Oxyglobin and Hemopure: Biopure Corporation Dilemma
There is no doubt that one of the main challenges facing Chief Executive Officers (CEOs) of major corporations is making the right marketing decisions. An archetype of this reality is the dilemma facing Carl Rausch, the CEO and president of Biopure Corporation. He is torn between either releasing Oxyglobin into the market before its sister product Hemopure can be unveiled; or wait until after the latter product is released (Gourville 1). The proponents of the first alternative think that immediate release of Oxyglobin will help the company generate its first revenue. They also argue that it will help the company learn new marketing tricks that will help in the future marketing of the sister product. In contrast, supporters of the latter alternative think that releasing Oxyglobin, a product for animals will discourage setting of premium prices for Hemopure, a product meant for humans.

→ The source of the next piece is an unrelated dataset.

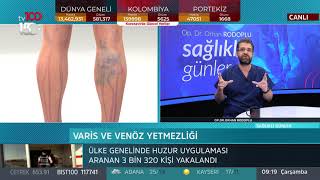 Varis ve venöz yetmezliği - Op. Dr. Orhan Rodoplu - Sağlıklı Günler - 15 Temmuz 2020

My first recommendation to the CEO in this case is that he should be aware of both the short-term and long-term consequences of each alternative. For example, immediate release of the veterinary product will in the short term give the company an impetus in three core fronts: first revenue, marketing experience, and stakeholder confidence. Furthermore, since the company wants to launch an Initial Public Offer (IPO) in a short while, Oxyglobin’s release will attract more investors. The only visible long-term effect of this alternative is the possibility of a negative influence on the premium prices of Hemopure.
On the other hand, the second option’s immediate short-term consequences is that it will deny the company the opportunities presented by the first alternative. For instance, delaying the release of Oxyglobin will automatically mean that the company will continue operating on a deficit. Secondly, there will be no incentive to attract investors during the IPO. Due to market fluctuations, this option will also delay the company’s marketing experience. However, in the long-term this option will give the company the freedom to set premium prices for its products.

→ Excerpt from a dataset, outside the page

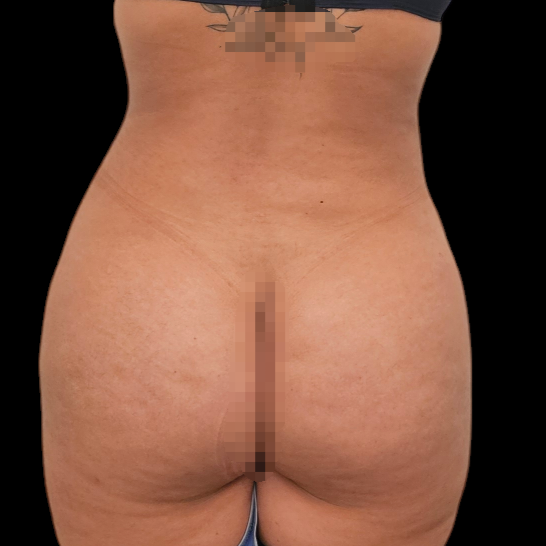 Resultado de lipoaspiración - caso 3, vista de espalda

Evidently, the first option has more advantages than the second alternative. As a result, I will recommend to the CEO that marketing of the veterinary product should commence immediately. Even though the main argument made by this option’s opponents is valid, the company’s marketing team should devise strategies that ensure the prices of the two related commodities do not affect each other negatively. For example, the company should insist on premium prices for both of its products. Of course, the premium price will hurt the marketing of Oxyglobin. However, the marketing team can offset this discrepancy by using direct marketing strategies that establish contact with animal owners, rather than veterinaries.
Gourville, John Timothy. Biopure corporation. Harvard Business School Pub., 1999.